Distributed Estimation for a 3-D Moving Target in Quaternion Space with Unknown Correlation
Yizhi Zhou, Xufan Liu, Xuan Wang
TL;DR
The paper tackles consistent distributed estimation for a 3-D moving target represented by augmented quaternion states when inter-sensor correlations are unknown. It extends Inverse Covariance Intersection (ICI) within an error-state EKF to fuse quaternion-based states across a time-varying sensor network, yielding a fully distributed framework. Key contributions include formulating quaternion-aware ICI fusion, deriving a nine-dimensional error-state fusion mechanism, and validating performance via Monte Carlo simulations that show improved consistency and near-centralized accuracy under higher communication rates. The work enables robust 3-D target tracking in non-Euclidean state spaces for distributed camera networks and similar sensor arrays.
Abstract
For distributed estimations in a sensor network, the consistency and accuracy of an estimator are greatly affected by the unknown correlations between individual estimates.
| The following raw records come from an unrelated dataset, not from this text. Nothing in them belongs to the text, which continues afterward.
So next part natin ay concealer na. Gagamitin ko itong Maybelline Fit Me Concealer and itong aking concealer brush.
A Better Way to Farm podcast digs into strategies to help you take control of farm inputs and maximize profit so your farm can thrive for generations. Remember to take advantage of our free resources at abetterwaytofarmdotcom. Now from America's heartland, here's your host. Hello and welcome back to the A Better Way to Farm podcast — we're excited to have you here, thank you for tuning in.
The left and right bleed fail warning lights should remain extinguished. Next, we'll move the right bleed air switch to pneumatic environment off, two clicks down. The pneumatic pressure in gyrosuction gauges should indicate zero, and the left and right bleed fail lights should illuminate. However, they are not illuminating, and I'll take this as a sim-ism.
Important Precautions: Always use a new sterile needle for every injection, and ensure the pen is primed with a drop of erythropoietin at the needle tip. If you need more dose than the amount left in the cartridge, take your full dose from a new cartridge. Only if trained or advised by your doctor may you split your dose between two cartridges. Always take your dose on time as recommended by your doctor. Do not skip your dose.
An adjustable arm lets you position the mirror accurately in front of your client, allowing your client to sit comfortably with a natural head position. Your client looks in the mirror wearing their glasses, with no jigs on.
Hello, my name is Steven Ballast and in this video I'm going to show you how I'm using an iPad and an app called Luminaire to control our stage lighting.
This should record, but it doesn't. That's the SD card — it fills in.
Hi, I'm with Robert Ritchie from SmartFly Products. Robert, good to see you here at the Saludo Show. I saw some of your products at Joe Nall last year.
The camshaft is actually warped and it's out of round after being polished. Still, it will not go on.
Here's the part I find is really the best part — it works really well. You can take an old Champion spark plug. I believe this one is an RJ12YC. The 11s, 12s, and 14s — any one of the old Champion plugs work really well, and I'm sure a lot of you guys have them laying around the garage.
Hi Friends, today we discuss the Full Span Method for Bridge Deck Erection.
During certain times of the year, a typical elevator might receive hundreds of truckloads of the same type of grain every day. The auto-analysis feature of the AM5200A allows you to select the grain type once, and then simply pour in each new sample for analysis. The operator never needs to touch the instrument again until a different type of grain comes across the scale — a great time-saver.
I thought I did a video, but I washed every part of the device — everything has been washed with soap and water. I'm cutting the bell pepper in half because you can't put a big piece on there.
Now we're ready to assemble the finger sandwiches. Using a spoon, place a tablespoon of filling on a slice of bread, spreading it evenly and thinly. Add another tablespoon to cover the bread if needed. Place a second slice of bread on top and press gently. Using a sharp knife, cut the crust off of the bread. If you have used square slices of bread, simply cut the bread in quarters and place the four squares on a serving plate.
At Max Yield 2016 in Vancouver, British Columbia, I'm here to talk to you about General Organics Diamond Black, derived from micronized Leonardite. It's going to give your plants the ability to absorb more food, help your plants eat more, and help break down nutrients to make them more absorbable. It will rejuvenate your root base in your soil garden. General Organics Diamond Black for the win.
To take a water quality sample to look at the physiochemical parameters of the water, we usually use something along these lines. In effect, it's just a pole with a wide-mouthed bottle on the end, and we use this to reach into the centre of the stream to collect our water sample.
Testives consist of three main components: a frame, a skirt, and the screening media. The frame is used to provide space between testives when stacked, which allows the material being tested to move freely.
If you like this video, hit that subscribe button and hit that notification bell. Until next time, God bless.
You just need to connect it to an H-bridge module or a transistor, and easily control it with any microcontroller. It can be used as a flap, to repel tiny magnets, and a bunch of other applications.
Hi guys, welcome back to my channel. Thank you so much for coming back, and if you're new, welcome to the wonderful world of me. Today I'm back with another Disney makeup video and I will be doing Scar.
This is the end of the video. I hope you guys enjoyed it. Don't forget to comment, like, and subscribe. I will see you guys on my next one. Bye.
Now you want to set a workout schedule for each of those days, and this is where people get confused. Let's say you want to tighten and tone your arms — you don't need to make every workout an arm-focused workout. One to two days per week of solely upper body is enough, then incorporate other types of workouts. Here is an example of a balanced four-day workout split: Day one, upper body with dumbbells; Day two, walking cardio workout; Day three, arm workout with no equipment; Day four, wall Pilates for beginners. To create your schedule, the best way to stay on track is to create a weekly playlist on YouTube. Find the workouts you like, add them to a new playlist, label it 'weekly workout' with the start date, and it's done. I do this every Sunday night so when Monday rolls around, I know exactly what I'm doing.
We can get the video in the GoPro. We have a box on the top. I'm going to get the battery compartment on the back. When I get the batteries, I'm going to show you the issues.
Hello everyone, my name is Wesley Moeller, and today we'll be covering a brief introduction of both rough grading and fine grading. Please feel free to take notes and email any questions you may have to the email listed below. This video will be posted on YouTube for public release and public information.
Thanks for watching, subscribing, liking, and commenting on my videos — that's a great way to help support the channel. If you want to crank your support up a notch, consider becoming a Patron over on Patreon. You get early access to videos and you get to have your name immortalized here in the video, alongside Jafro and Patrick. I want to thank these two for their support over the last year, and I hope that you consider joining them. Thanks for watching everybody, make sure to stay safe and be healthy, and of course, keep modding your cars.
An inconsistent or too conservative estimate may degrade the estimation performance and even cause divergence of the estimator. Cooperative estimation methods based on Inverse Covariance Intersection (ICI) can utilize a network of sensors to provide a consistent and tight estimate of a target. In this paper, unlike most existing ICI-based estimators that only consider two-dimensional (2-D) target state estimation in the vector space, we address this problem in a 3-D environment by extending the ICI algorithm to the augmented quaternion space. In addition, the proposed algorithm is fully distributed, as each agent only uses the local information from itself and its communication neighbors, which is also robust to a time-varying communication topology. To evaluate the performance, we test the proposed algorithm in a camera network to track the pose of a target. Extensive Monte Carlo simulations have been performed to show the effectiveness of our approach.